**Required work**
Once "Eyecatcher 27 x" turns up in a line below, reproduce that line and those after it exactly, stopping after the line with "Tornado Men's Chronograph"; leave pictures out.

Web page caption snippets
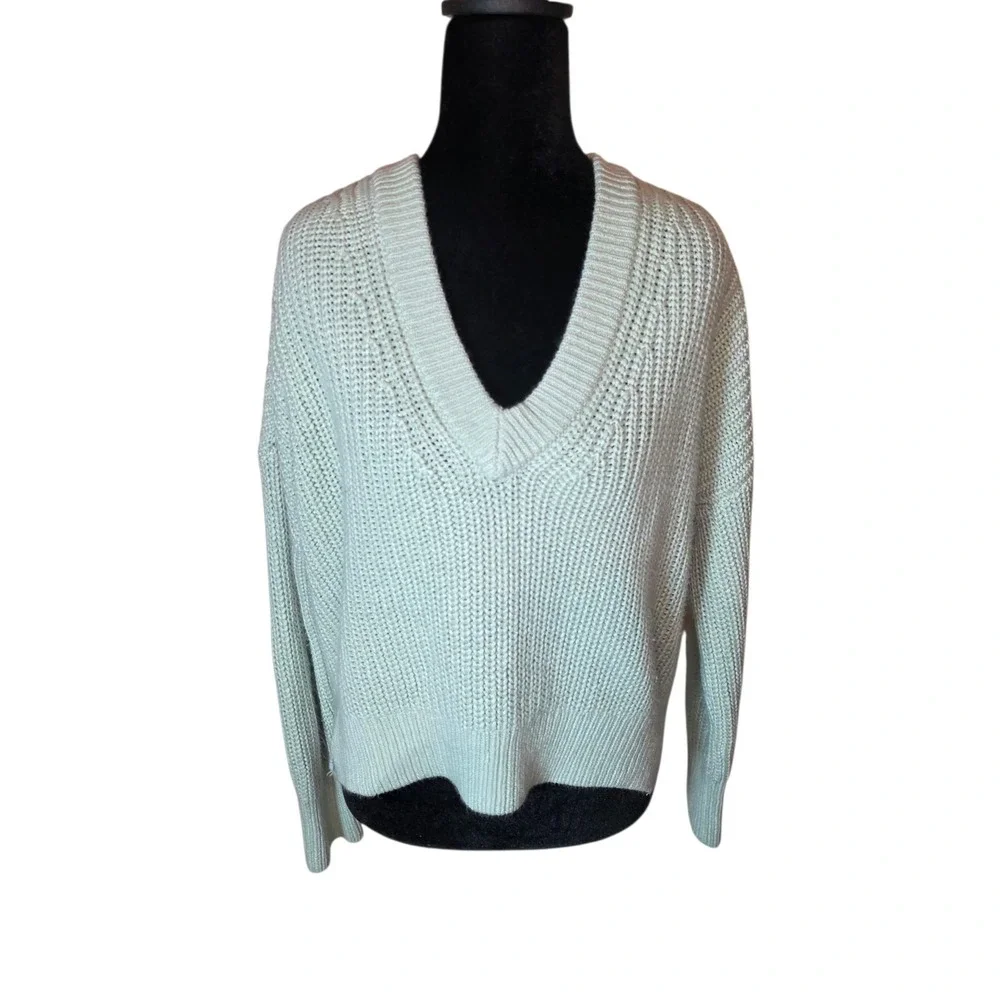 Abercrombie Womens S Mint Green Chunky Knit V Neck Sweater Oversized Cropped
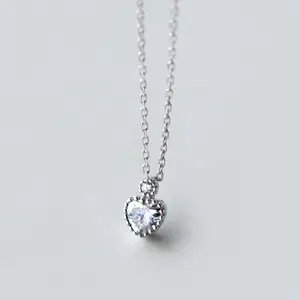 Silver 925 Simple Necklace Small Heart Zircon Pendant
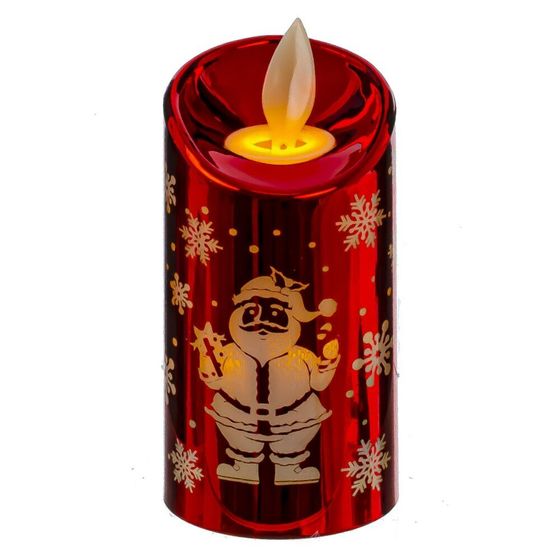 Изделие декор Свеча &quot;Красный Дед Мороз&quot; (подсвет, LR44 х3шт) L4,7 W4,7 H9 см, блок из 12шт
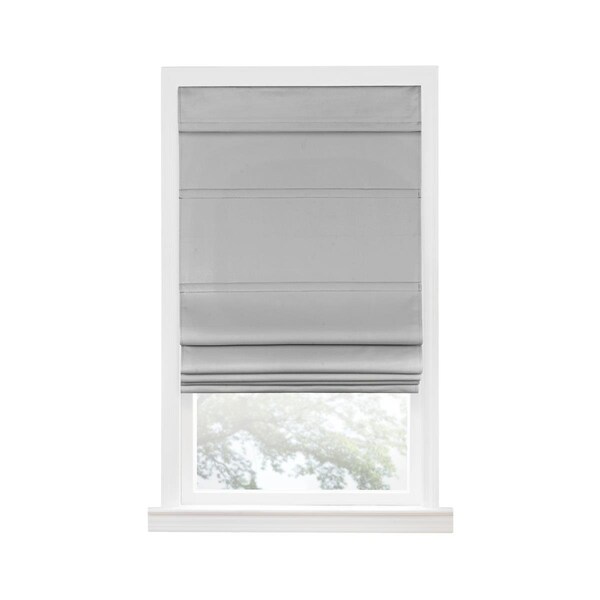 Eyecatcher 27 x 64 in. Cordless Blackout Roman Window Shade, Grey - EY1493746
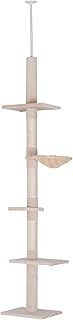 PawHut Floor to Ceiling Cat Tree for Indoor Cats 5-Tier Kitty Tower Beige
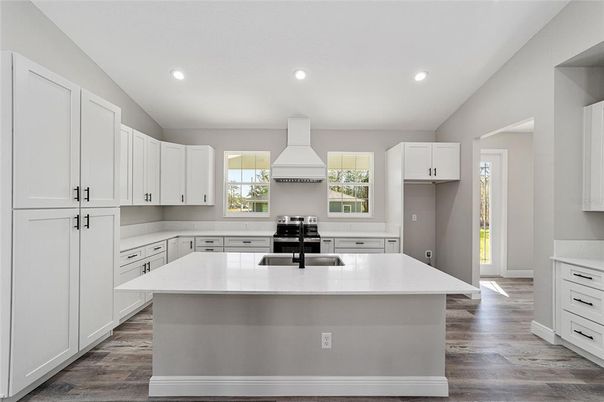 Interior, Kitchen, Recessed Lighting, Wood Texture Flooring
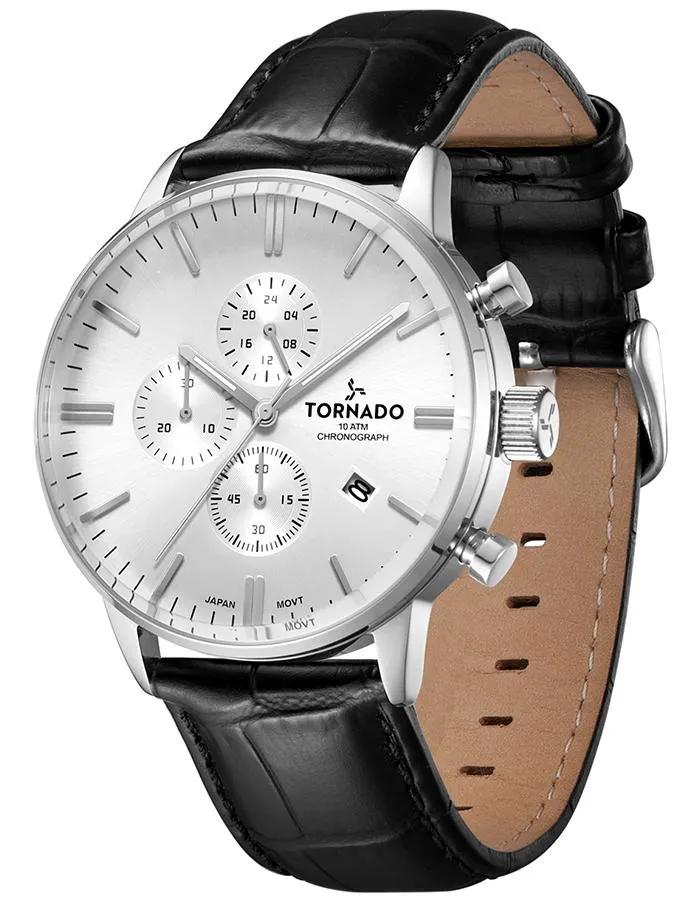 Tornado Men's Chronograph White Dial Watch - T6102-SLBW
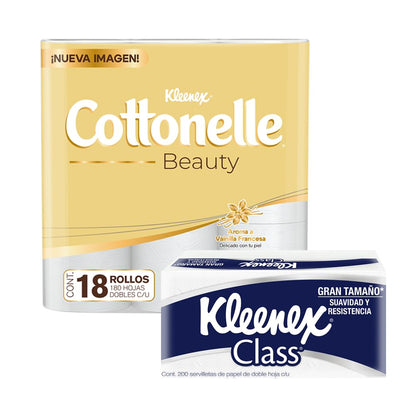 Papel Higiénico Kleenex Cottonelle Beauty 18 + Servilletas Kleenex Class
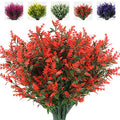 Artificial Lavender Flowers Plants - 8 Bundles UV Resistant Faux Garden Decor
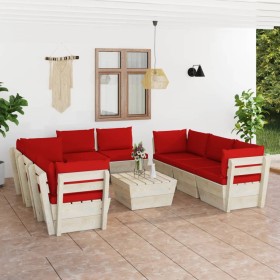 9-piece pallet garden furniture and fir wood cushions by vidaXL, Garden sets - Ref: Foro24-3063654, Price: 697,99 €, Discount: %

**Completed exercise**
 Eyecatcher 27 x 64 in. Cordless Blackout Roman Window Shade, Grey - EY1493746
 PawHut Floor to Ceiling Cat Tree for Indoor Cats 5-Tier Kitty Tower Beige
 Interior, Kitchen, Recessed Lighting, Wood Texture Flooring
 Tornado Men's Chronograph White Dial Watch - T6102-SLBW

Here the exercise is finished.